1. What are the phases of the business cycle?
Ans. The phases of the business cycle are peak, contraction, trough, and expansion. During the peak phase, the economy is at its highest point of economic activity. The contraction phase follows, characterized by a decline in economic activity. The trough phase marks the lowest point of the cycle, and the expansion phase follows, indicating a recovery and growth in economic activity.
2. Can you explain the peak phase of the business cycle?
Ans. The peak phase of the business cycle is the highest point of economic activity. It is characterized by high levels of production, employment, and consumer spending. During this phase, businesses are usually operating at full capacity, and inflationary pressures may start to build up. The peak phase is often followed by a contraction phase, where economic activity begins to decline.
3. What happens during the contraction phase of the business cycle?
Ans. The contraction phase of the business cycle is characterized by a decline in economic activity. During this phase, businesses may experience a decrease in production levels, leading to layoffs and higher unemployment rates. Consumer spending tends to decrease, and there may be a decrease in investment as well. The contraction phase can be caused by various factors, such as a decrease in consumer confidence or tightening monetary policies.
4. Can you provide an example of a business cycle?
Ans. One example of a business cycle is the Global Economic Crisis of 2008-2009. It started with the bursting of the housing bubble in the United States, leading to a financial crisis and a global recession. During the peak phase, there was excessive lending and speculation in the housing market. However, as the housing market collapsed, it triggered a contraction phase, with widespread bank failures, job losses, and a decline in economic activity. Eventually, governments and central banks implemented various measures to stimulate the economy and promote recovery.
5. How do business cycles impact individuals and businesses?

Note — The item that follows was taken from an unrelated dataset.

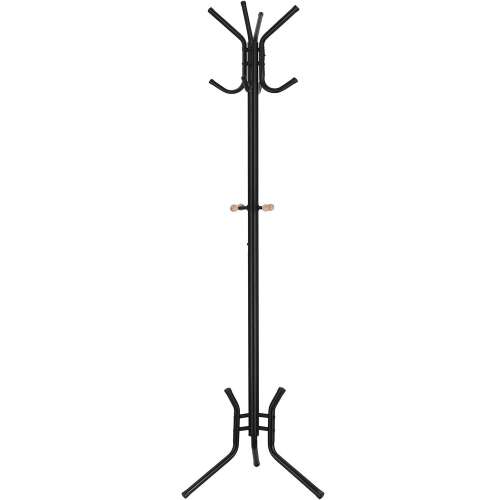 VASAGLE Vešiak na šaty, oceľ, stromový typ, s 12 háčikmi, 176 cm, čierny 93441562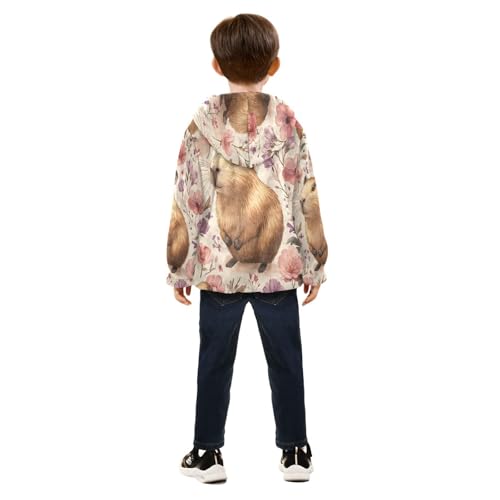 Cute Guinea Pig Floral Toddler Fleece Jacket Girl Boys Hooded Fleece Jacket Coat Warm Outwear Zip-up 3-10T4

Ans. Business cycles can have significant impacts on individuals and businesses. During expansion phases, individuals may experience higher employment rates, increased income, and improved business conditions. However, during contraction phases, individuals may face job losses, decreased income, and financial hardships. Businesses may also struggle during contraction phases, facing reduced demand, lower profits, and potential closures. Understanding business cycles can help individuals and businesses better prepare and adapt to economic fluctuations.